Can you tell me about the collaboration between NRS and Research Data Scotland (RDS)?
The audience for this data is researchers who are considering accessing public sector data, particularly for linked data projects. RDS have a central role in this area, not least in communicating to researchers what data is available and how it can be accessed. The RDS metadata catalogue is the place where researchers can explore the wide range of public sector data. It’s the right place to make these synthetic datasets available.
RDS is leading the way in Scotland on how to use synthetic data in research and has resources to help researchers better understand synthetic data, such as this introduction to synthetic data.
The terms 'fidelity' and 'utility' are used a lot when discussing synthetic data — how do these relate to datasets you have generated?

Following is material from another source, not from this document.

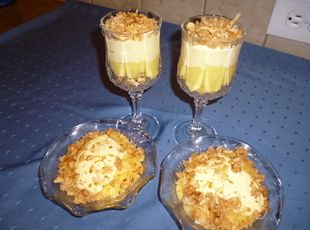 COCONUT CRUNCH DELIGHT Recipe......Just had this recipe had a restaurant and it was really really good. Coconut Crunch, Betty Crocker Cookbook, Recipes With Cool Whip, Almond Crunch, Just A Pinch Recipes, Just A Pinch, Cool Whip, Baking Dish, Betty Crocker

Fidelity relates to how much of the statistical properties of the real data are embedded in the synthetic dataset. We opted to create low fidelity synthetic data. In other words, it superficially looks like real census data at first glance. All of the variable names are the same as in the real dataset. All of the variable codings are the same as you would find in the real dataset. But none of the rows (representing people) have real or even realistic combinations of values. This method ensures that people’s personal data is kept safe.
So why did we do it this way? That brings us to utility – what people can use the dataset for. Researchers told us that something very simple like this would be useful, if they can access it with fewer barriers. It would help them to discover what data is available, and plan projects. We kept the fidelity low, so that we could be confident that there weren’t any risks with making it widely available.